Consider odr-struct.  It has two structs aaa (from different CUs), each with
members of type bbb and ccc, but in one case bbb is a decl, in the other case
ccc is a decl.

When doing odr, we end up with one struct aaa, and no decls:
...
$ dwz --odr odr-struct
$ readelf -wi odr-struct \
    | egrep -A2 "DW_TAG_structure" \
    | egrep "DW_TAG|DW_AT_name|DW_AT_decl"
 <1><19>: Abbrev Number: 25 (DW_TAG_structure_type)
    <1a>   DW_AT_name        : ccc
 <1><2f>: Abbrev Number: 25 (DW_TAG_structure_type)
    <30>   DW_AT_name        : aaa
 <1><4b>: Abbrev Number: 25 (DW_TAG_structure_type)
    <4c>   DW_AT_name        : bbb
...

Now consider using the same file for multifile optimization, combined with
odr:
...
$ cp odr-struct 1; cp 1 2; dwz -m 3 1 2 --odr
...
The desired outcome is that the structs aaa are unified (same as above) in
both 1 and 2, and then moved to multifile 3.

The multifile looks good:
...
$ readelf -wi 3 \
    | egrep -A2 "DW_TAG_structure" \
    | egrep "DW_TAG|DW_AT_name|DW_AT_decl"
 <1><14>: Abbrev Number: 15 (DW_TAG_structure_type)
    <15>   DW_AT_name        : ccc
 <1><2a>: Abbrev Number: 15 (DW_TAG_structure_type)
    <2b>   DW_AT_name        : aaa
 <1><46>: Abbrev Number: 15 (DW_TAG_structure_type)
    <47>   DW_AT_name        : bbb
...
but some struct types are left in 1:
...
$ readelf -wi 1 \
    | egrep -A2 "DW_TAG_structure" \
    | egrep "DW_TAG|DW_AT_name|DW_AT_decl"
 <1><1e>: Abbrev Number: 12 (DW_TAG_structure_type)
    <1f>   DW_AT_name        : aaa
 <1><3d>: Abbrev Number: 12 (DW_TAG_structure_type)
    <3e>   DW_AT_name        : bbb
...

The problem is that the DW_AT_decl_file is different for struct bbb in 1 and
3, and that causes the struct types to linger in 1.

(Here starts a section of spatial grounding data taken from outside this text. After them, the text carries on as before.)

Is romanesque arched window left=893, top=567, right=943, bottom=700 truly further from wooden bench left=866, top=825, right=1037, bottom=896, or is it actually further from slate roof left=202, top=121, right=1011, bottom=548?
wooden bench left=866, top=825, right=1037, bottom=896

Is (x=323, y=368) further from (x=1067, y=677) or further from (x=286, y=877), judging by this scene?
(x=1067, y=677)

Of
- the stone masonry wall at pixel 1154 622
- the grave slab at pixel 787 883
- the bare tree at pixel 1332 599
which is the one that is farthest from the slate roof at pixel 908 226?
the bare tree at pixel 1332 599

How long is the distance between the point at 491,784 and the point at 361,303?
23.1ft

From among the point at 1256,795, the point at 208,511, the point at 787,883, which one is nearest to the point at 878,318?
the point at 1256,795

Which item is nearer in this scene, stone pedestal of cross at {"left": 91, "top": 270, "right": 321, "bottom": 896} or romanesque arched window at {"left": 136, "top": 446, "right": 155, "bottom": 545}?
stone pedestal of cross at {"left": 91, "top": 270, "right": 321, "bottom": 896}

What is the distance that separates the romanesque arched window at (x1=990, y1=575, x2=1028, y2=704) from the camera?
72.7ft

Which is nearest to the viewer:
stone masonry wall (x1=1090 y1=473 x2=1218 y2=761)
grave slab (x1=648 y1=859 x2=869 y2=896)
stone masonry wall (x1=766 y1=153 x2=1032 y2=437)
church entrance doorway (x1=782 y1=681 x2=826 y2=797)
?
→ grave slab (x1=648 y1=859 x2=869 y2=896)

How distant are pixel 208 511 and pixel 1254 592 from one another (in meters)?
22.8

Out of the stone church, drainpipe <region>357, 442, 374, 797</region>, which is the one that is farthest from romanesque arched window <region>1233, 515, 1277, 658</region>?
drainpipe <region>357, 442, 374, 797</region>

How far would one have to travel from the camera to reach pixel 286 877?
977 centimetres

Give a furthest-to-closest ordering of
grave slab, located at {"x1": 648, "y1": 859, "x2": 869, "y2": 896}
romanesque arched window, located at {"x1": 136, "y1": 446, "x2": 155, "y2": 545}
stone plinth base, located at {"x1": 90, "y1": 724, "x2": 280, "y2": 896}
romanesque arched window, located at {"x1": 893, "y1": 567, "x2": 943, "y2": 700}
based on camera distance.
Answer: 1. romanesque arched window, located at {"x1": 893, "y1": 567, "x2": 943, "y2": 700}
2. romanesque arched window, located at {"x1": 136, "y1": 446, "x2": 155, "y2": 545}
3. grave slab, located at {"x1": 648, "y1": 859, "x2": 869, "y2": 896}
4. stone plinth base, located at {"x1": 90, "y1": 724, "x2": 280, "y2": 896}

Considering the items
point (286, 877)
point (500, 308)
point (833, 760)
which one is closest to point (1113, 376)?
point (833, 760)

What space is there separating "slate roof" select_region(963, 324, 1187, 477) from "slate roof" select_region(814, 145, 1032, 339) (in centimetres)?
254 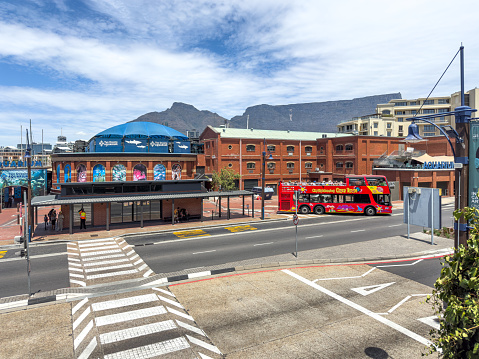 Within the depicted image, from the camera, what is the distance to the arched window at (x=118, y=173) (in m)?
40.3

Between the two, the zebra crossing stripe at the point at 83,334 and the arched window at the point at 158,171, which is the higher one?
the arched window at the point at 158,171

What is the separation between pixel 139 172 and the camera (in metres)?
41.2

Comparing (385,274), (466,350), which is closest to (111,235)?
(385,274)

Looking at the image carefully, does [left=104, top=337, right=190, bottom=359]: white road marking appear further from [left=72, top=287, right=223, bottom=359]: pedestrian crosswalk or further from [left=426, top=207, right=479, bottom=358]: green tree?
[left=426, top=207, right=479, bottom=358]: green tree

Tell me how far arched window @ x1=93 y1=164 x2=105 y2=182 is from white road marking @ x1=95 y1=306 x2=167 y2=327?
1253 inches

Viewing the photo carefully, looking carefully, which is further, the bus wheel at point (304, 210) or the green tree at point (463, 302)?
the bus wheel at point (304, 210)

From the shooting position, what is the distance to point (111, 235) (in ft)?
84.3

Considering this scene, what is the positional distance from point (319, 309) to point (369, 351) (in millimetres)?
2877

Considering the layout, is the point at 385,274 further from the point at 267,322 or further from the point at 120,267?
the point at 120,267

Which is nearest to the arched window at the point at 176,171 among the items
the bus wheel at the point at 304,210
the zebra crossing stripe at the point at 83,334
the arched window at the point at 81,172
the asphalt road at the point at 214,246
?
the arched window at the point at 81,172

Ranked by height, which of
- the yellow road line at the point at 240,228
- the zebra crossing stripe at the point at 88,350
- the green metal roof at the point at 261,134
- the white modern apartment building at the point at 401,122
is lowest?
the yellow road line at the point at 240,228

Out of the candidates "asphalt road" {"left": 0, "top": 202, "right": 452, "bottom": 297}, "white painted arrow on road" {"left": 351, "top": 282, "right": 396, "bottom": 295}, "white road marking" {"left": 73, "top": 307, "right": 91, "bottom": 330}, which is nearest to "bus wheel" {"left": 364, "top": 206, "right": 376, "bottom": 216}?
"asphalt road" {"left": 0, "top": 202, "right": 452, "bottom": 297}

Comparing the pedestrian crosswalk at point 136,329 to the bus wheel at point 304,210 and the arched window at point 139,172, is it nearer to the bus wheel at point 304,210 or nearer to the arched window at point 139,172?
the bus wheel at point 304,210

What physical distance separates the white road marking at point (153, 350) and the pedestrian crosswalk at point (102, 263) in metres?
6.79
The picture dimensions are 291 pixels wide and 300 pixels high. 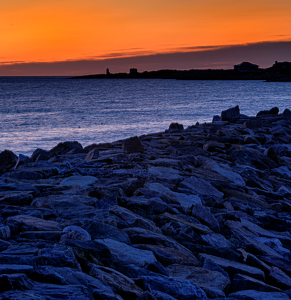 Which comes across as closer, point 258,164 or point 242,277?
point 242,277

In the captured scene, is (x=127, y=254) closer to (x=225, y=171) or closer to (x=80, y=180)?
(x=80, y=180)

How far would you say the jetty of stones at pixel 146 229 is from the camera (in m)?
2.61

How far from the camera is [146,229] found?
3.86 meters

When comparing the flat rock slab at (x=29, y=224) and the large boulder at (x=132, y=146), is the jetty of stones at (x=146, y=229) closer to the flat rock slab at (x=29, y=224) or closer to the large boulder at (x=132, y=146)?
the flat rock slab at (x=29, y=224)

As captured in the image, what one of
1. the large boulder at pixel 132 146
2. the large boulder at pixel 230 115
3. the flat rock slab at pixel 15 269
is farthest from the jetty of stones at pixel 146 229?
the large boulder at pixel 230 115

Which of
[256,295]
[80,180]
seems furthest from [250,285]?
[80,180]

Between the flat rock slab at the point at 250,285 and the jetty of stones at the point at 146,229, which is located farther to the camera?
the flat rock slab at the point at 250,285

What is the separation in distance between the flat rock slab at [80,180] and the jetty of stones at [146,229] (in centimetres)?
2

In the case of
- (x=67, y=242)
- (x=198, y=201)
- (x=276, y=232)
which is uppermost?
(x=67, y=242)

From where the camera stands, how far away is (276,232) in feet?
15.9

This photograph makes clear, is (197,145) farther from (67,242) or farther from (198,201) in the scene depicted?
(67,242)

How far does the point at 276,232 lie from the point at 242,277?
176cm

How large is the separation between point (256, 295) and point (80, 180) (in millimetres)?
3267

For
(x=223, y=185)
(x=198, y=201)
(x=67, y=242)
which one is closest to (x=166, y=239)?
(x=67, y=242) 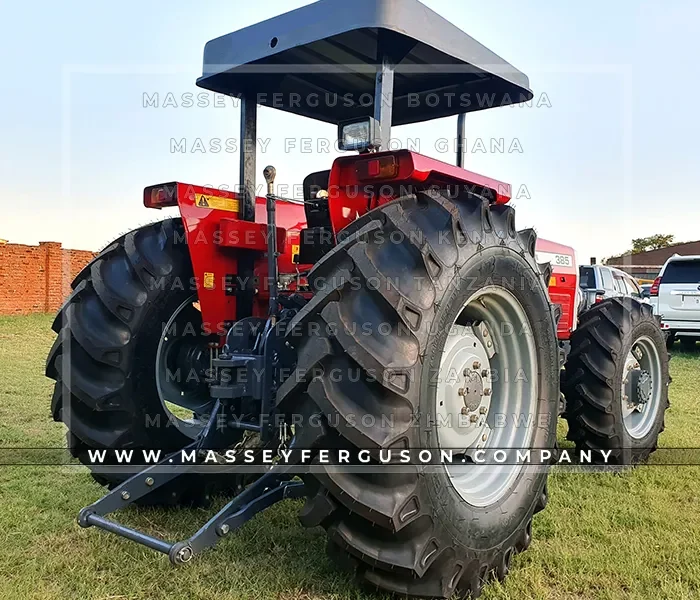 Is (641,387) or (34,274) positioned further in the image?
(34,274)

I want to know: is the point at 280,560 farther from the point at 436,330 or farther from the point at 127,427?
the point at 436,330

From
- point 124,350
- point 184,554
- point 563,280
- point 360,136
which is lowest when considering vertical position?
point 184,554

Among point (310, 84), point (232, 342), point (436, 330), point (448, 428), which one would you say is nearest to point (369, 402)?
point (436, 330)

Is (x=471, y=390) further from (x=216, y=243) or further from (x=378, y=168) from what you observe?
(x=216, y=243)

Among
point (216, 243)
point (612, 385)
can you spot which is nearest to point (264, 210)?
point (216, 243)

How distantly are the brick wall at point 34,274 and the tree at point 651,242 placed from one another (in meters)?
39.1

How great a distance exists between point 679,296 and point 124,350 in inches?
468

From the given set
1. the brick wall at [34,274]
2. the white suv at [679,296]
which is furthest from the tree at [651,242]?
the brick wall at [34,274]

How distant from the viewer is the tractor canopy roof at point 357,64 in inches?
109

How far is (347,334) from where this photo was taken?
2184mm

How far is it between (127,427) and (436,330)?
173cm

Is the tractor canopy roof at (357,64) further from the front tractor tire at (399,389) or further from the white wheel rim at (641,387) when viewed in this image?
the white wheel rim at (641,387)

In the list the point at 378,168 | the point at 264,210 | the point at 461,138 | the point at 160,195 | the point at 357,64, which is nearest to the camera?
the point at 378,168

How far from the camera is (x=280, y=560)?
2846 mm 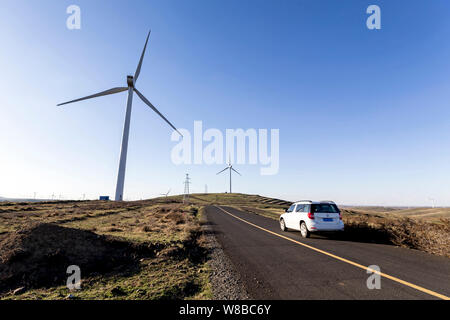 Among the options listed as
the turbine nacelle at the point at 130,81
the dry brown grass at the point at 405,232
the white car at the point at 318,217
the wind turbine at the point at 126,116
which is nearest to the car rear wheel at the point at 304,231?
the white car at the point at 318,217

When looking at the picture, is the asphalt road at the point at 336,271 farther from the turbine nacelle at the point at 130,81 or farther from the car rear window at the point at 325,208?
the turbine nacelle at the point at 130,81

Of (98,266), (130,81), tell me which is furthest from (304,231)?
(130,81)

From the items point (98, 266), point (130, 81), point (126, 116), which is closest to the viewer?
point (98, 266)

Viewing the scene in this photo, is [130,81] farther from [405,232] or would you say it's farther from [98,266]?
[405,232]

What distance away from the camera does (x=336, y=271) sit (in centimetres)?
558

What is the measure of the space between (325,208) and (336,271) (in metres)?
5.56

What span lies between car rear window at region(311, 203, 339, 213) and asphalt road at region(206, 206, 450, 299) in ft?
6.66

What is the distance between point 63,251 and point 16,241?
1561 millimetres

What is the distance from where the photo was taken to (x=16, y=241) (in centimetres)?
662

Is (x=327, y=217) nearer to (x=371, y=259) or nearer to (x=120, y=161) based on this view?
(x=371, y=259)

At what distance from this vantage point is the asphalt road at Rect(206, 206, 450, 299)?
4.24 metres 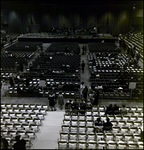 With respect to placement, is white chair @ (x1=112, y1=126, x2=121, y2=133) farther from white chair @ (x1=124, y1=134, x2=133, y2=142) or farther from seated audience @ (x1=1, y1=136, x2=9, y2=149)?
seated audience @ (x1=1, y1=136, x2=9, y2=149)

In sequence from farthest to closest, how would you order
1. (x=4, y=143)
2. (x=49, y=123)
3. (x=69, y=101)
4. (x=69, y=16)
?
(x=69, y=16)
(x=69, y=101)
(x=49, y=123)
(x=4, y=143)

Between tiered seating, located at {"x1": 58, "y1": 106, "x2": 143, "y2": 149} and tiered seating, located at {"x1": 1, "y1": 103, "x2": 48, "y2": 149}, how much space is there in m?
1.53

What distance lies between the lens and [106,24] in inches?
1875

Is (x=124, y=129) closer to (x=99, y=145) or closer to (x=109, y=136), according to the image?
(x=109, y=136)

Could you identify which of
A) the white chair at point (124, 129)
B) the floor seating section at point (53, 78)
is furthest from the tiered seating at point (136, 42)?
the white chair at point (124, 129)

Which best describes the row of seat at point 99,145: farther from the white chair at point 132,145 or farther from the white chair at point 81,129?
the white chair at point 81,129

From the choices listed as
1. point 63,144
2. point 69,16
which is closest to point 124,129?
point 63,144

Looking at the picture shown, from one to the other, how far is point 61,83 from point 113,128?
7.21 meters

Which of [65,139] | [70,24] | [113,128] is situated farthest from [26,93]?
[70,24]

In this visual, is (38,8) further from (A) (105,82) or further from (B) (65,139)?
(B) (65,139)

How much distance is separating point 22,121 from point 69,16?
43.2 m

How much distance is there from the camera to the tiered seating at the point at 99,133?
7496 mm

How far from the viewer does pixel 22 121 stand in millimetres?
9422

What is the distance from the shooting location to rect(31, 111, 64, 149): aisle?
791 centimetres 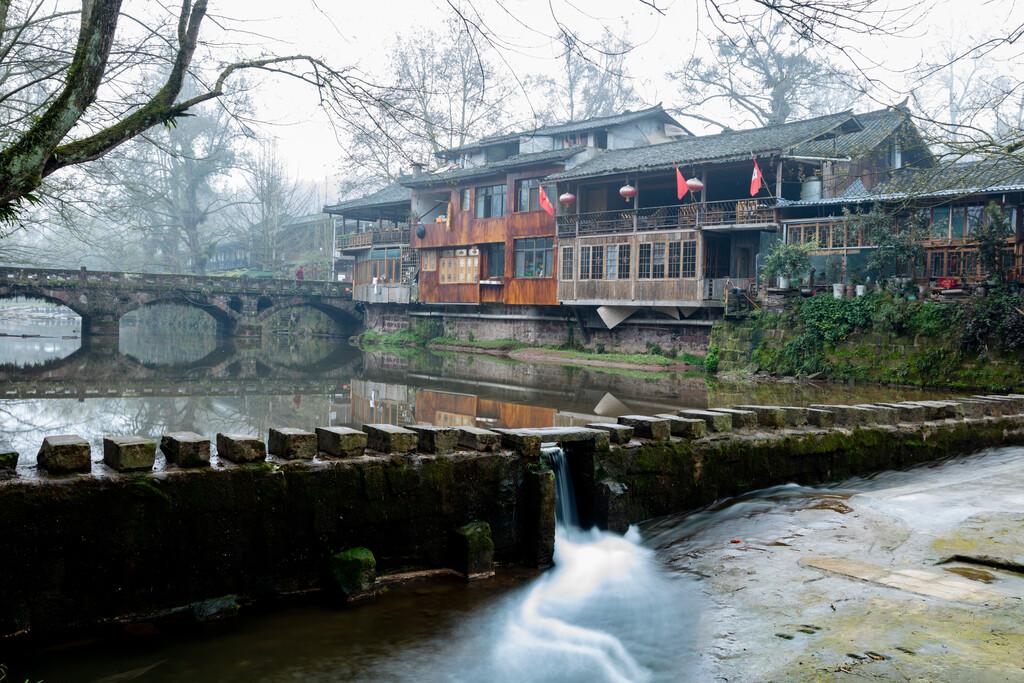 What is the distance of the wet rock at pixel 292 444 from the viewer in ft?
17.6

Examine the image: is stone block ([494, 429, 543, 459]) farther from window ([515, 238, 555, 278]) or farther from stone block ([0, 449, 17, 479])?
window ([515, 238, 555, 278])

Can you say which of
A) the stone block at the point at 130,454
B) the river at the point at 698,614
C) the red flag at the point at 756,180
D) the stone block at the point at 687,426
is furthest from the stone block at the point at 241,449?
the red flag at the point at 756,180

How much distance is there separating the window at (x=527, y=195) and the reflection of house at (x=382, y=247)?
304 inches

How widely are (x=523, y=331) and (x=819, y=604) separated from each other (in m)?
28.3

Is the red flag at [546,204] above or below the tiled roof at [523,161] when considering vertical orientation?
below

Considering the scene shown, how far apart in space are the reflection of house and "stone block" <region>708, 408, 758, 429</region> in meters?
31.3

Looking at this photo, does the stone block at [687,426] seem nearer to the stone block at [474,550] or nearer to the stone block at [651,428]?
the stone block at [651,428]

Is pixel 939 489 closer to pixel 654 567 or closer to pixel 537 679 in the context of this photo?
pixel 654 567

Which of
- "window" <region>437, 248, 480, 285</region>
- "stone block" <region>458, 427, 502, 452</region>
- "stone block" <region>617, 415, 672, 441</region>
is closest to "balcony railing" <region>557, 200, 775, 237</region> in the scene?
"window" <region>437, 248, 480, 285</region>

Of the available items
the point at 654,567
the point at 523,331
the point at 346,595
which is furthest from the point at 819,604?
the point at 523,331

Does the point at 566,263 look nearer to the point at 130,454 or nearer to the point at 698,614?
the point at 698,614

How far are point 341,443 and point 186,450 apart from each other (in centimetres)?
104

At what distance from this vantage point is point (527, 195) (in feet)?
107

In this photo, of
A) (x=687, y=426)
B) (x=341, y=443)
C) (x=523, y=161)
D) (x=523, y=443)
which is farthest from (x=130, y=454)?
(x=523, y=161) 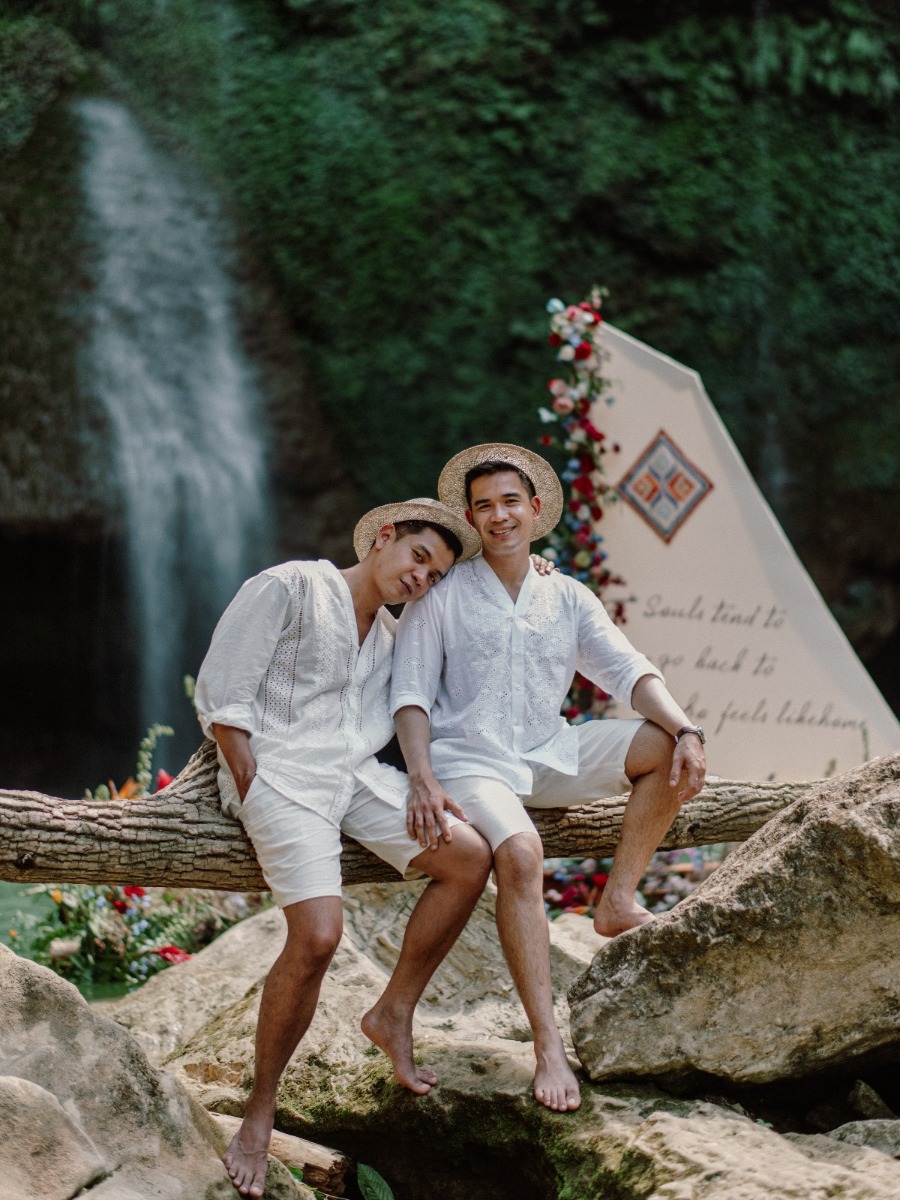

The problem can already be shown without multifile mode using:
....
$ dwz odr-struct --odr
$ llvm-dwarfdump odr-struct \
    | grep -A3 struct \
    | egrep -v "^--|DW_AT_byte_size" \
    | sed 's%/.*/%%'
0x00000019:   DW_TAG_structure_type
                DW_AT_name      ("ccc")
                DW_AT_decl_file ("odr.cc")
0x0000002f:   DW_TAG_structure_type
                DW_AT_name      ("aaa")
                DW_AT_decl_file ("odr.h")
0x0000004b:   DW_TAG_structure_type
                DW_AT_name      ("bbb")
                DW_AT_decl_file ("odr.cc")
...
The DW_AT_decl_file for struct bbb should be odr-2.cc.

The problem is caused by by odr: odr allows defs and decls to be part of the
same duplicate chain, which breaks the invariant that DIEs in the duplicate
chain are isomorph.  During write_die, the first DIE in the chain is written
out as the representative copy, which means having a decl as the first in the
chain is counterproductive.  We have reorder_dups to fix this problem, which
detects if a duplicate chain starts with a decl and then moves the first def
before it.  However, this breaks another variant: that for each partition, all
representative DIEs are from the same CU.  Consequently, the file table of the
partition may not match with the DW_AT_decl_file number.

In other words, the reordered duplicate chain is in the wrong partition.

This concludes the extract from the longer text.